**What you are asked to do:** Please retype the entries below exactly, only from their first line through the line containing "Square Enamelled Stainless", leaving every picture out.

**Records excerpted from a collection:**
···

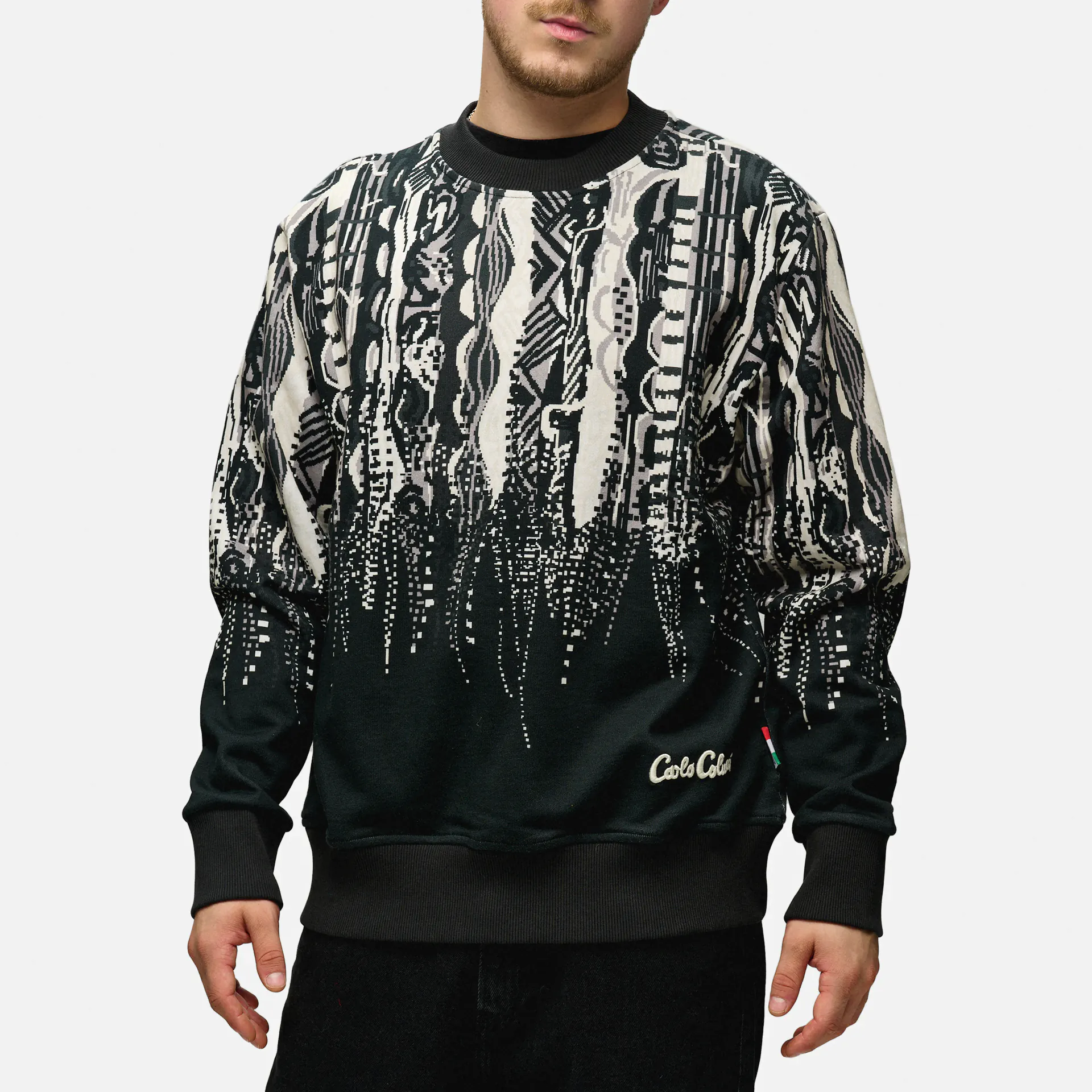Carlo Colucci Pullover Schwarz Rot Crewneck Sweater Carlo Colucci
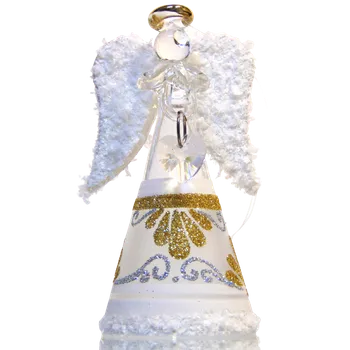 Vánoční dekorace Vánoční anděl s bílými křídly v šatech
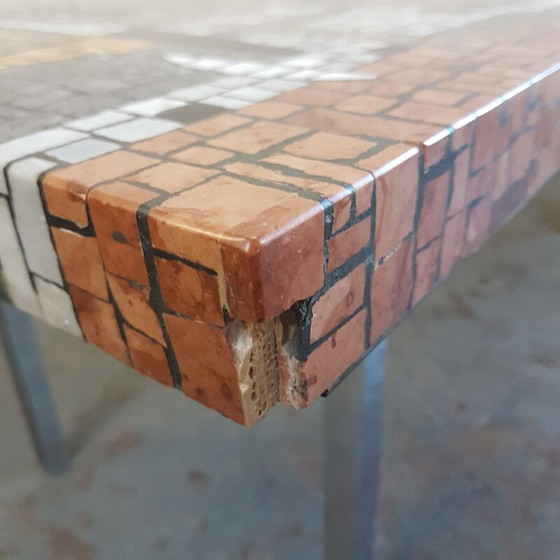 Image 1 of Table basse vintage en terrazzo, bois et acier, 1960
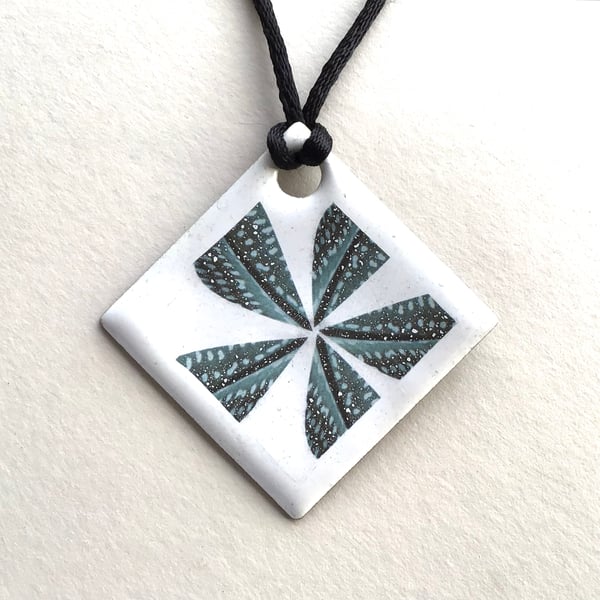 Square Enamelled Stainless Steel Pendant - 5 Leaves - Perfectly Imperfect'
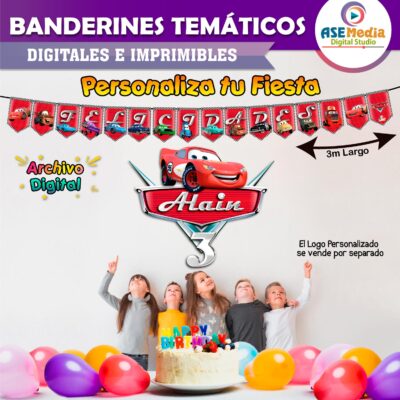 Cars Rayo Mcqueen Banderines Temáticos Imprimibles para Cumpleaños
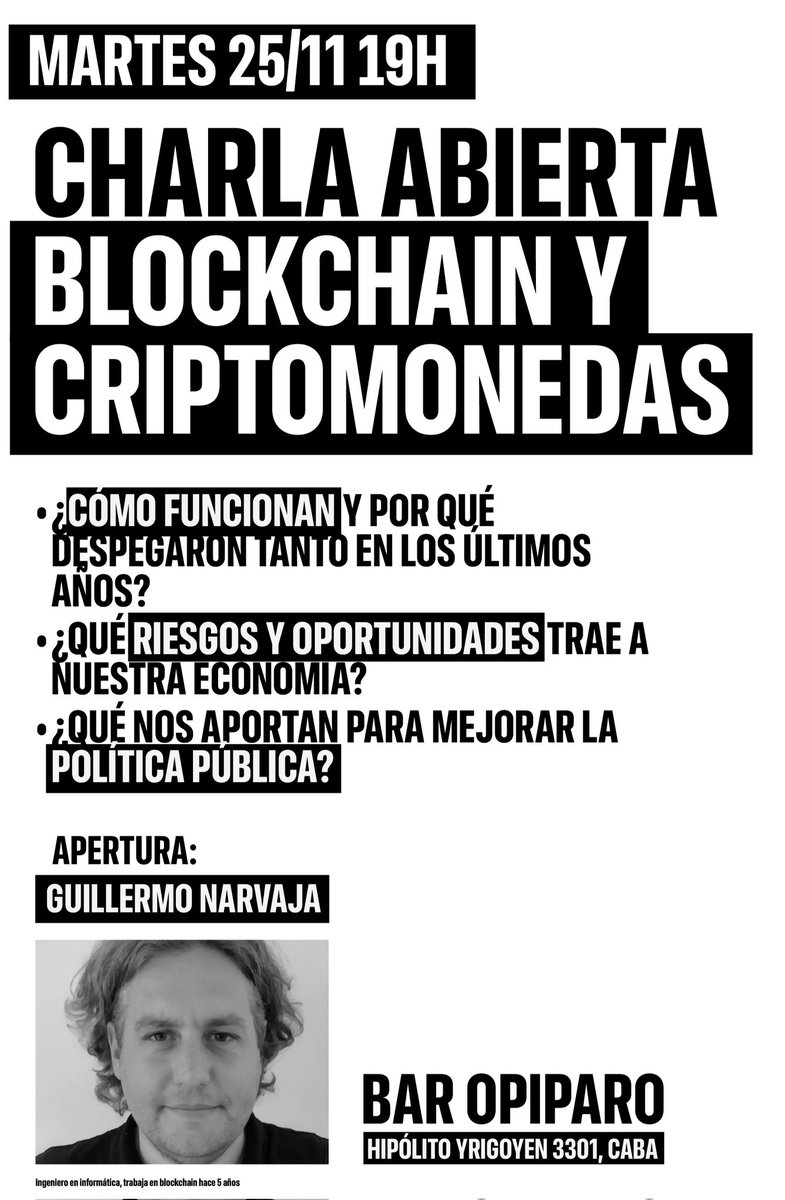 El martes 25 a las 19hs. nos metemos con Blockchain y Criptomendas. Pueden aportar a mejorar las políticas públicas?
Abre la charla <a href="/gnarvaja/">Guillermo Narvaja</a> 
Te esperamos.
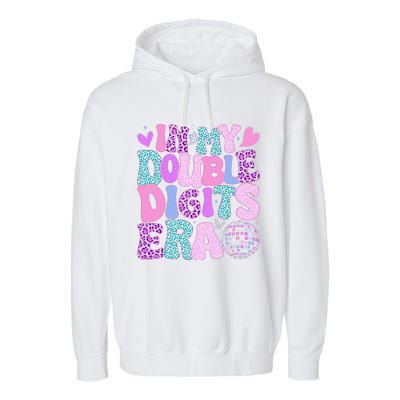 In My Double Digits Era Retro 10 Year Old 10th Birthday Girl Garment-Dyed Fleece Hoodie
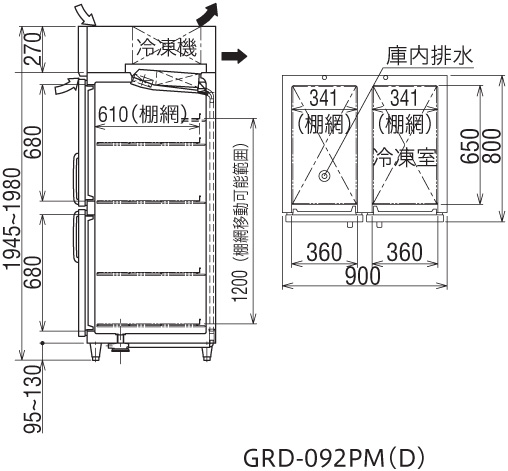 GRD-092PM2 フクシマガリレイ 業務用冷凍冷蔵庫 インバーター制御タテ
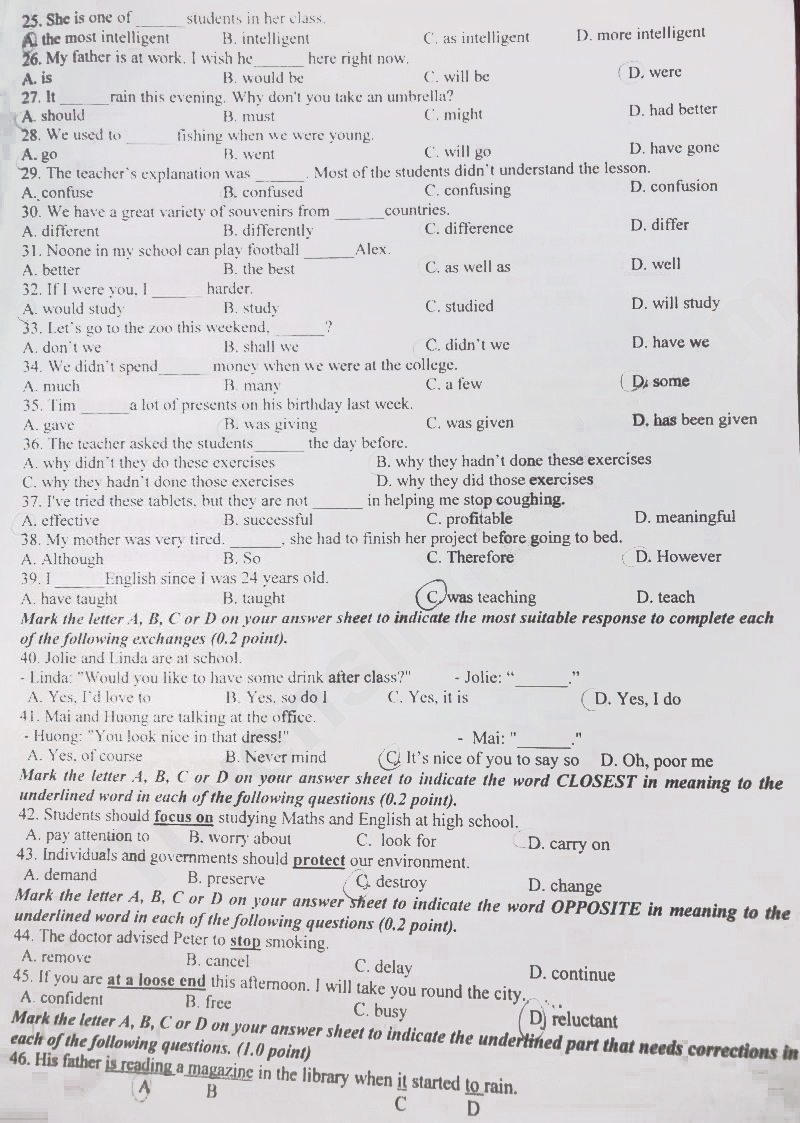 Đề thi tuyển sinh lớp 10 môn Anh Lào Cai 2024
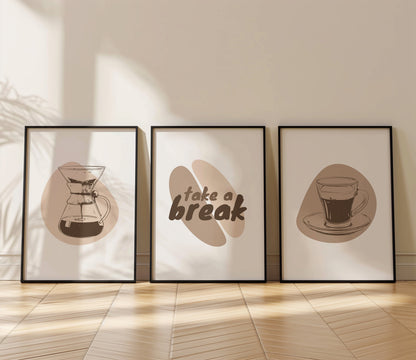 Caffeine Escape Set - Minimalist Coffee Art for Home Decor, Set of 3, D032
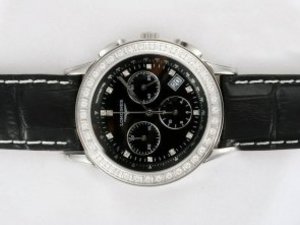 Replica Longines Watch Clous de Paris Chronograph Swiss ETA Movement Diamond Bezel and Marking with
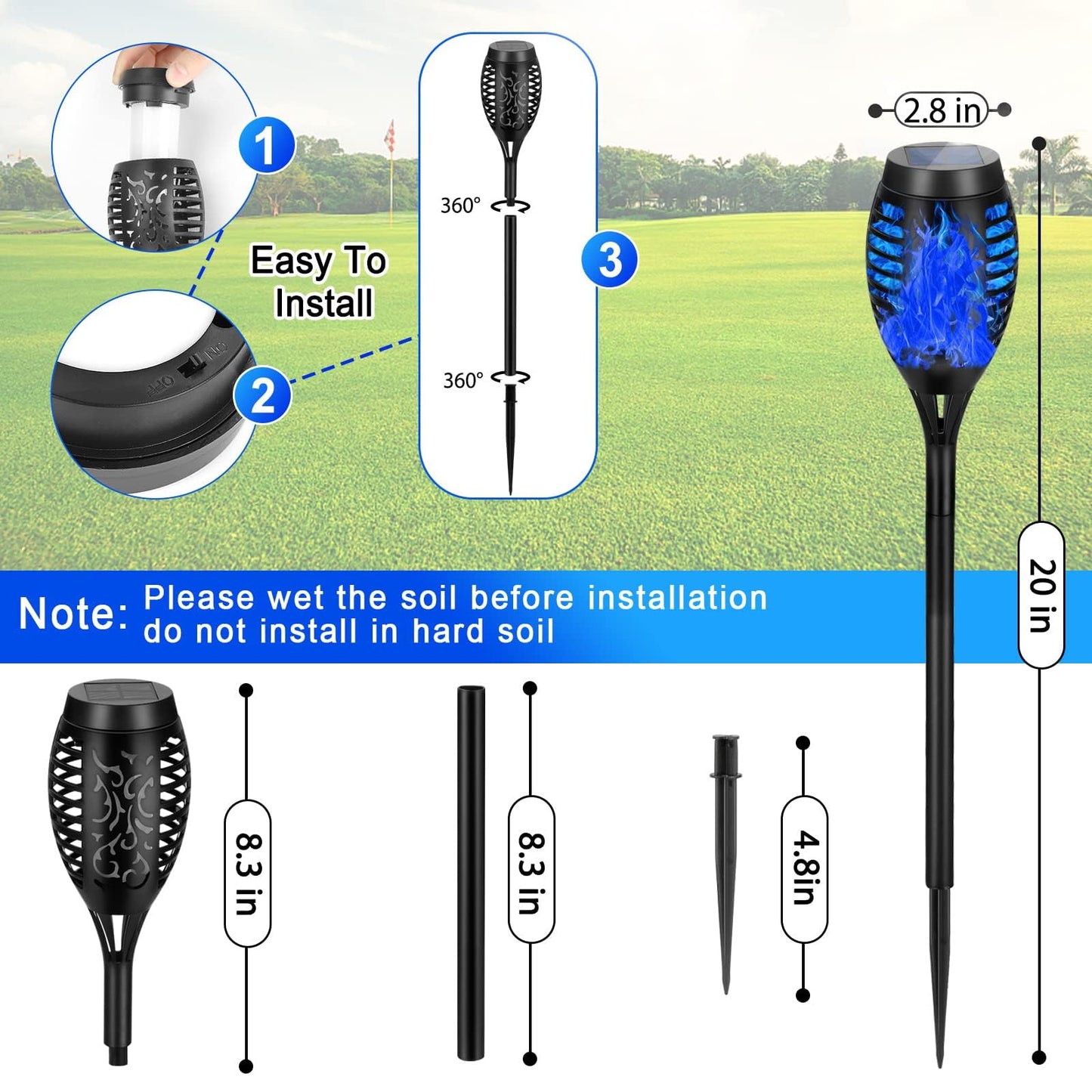 AOUNQ Solar Torch Lights, 10 Pack Blue Flickering Flame, Waterproof Outdoor Garden Decor, Model c34aaa17-3634-44fd-891a-3ebb0e47410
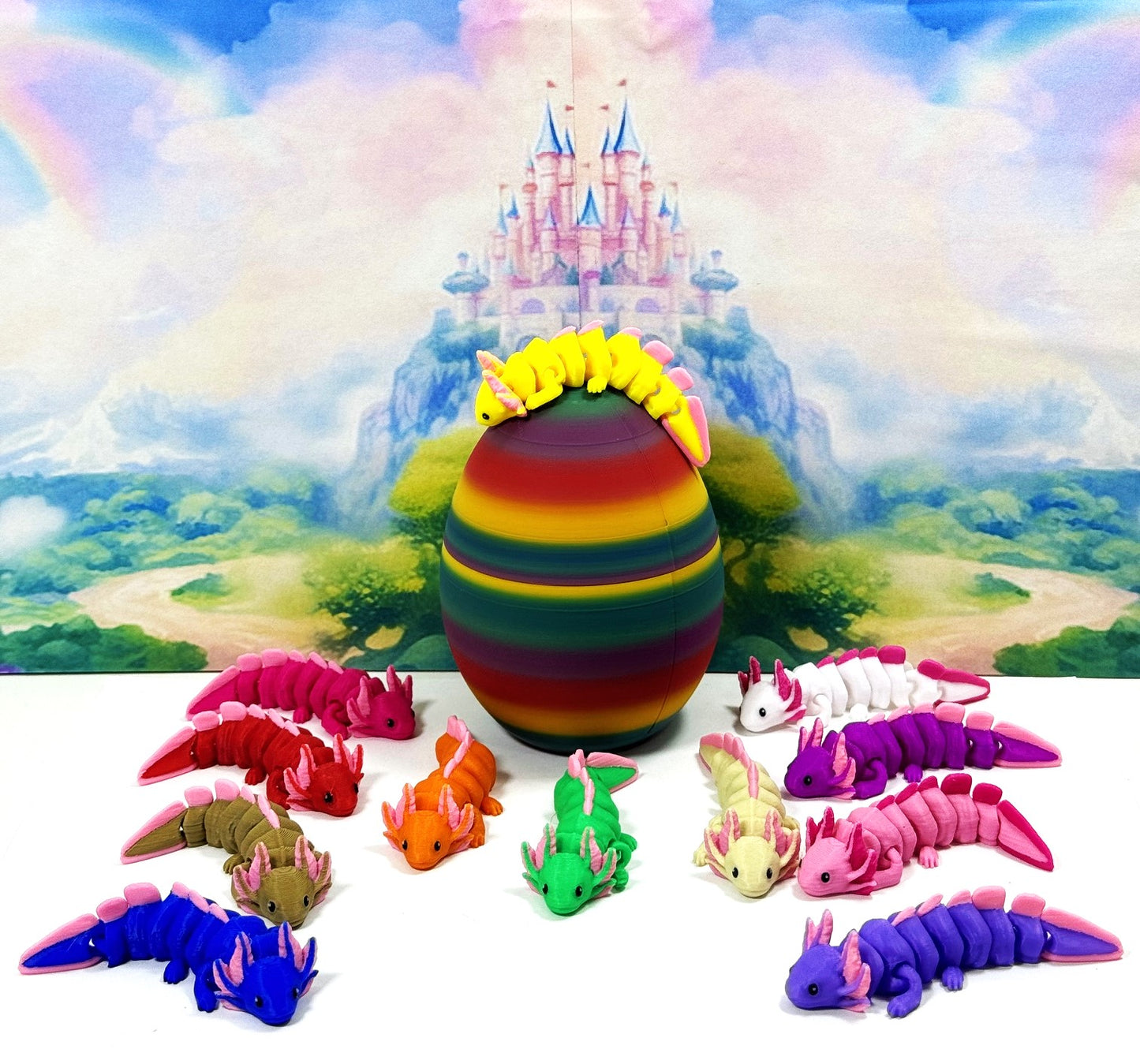 12pcs Cute Articulated Baby Axolotl with Egg, 3D Printed Colorful Fidget Axolotl, Tiny Animal Figures, Birthday Party Decorations BA001-SET-RBW1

···

**Result:**
Carlo Colucci Pullover Schwarz Rot Crewneck Sweater Carlo Colucci
 Vánoční dekorace Vánoční anděl s bílými křídly v šatech
 Image 1 of Table basse vintage en terrazzo, bois et acier, 1960
 Square Enamelled Stainless Steel Pendant - 5 Leaves - Perfectly Imperfect'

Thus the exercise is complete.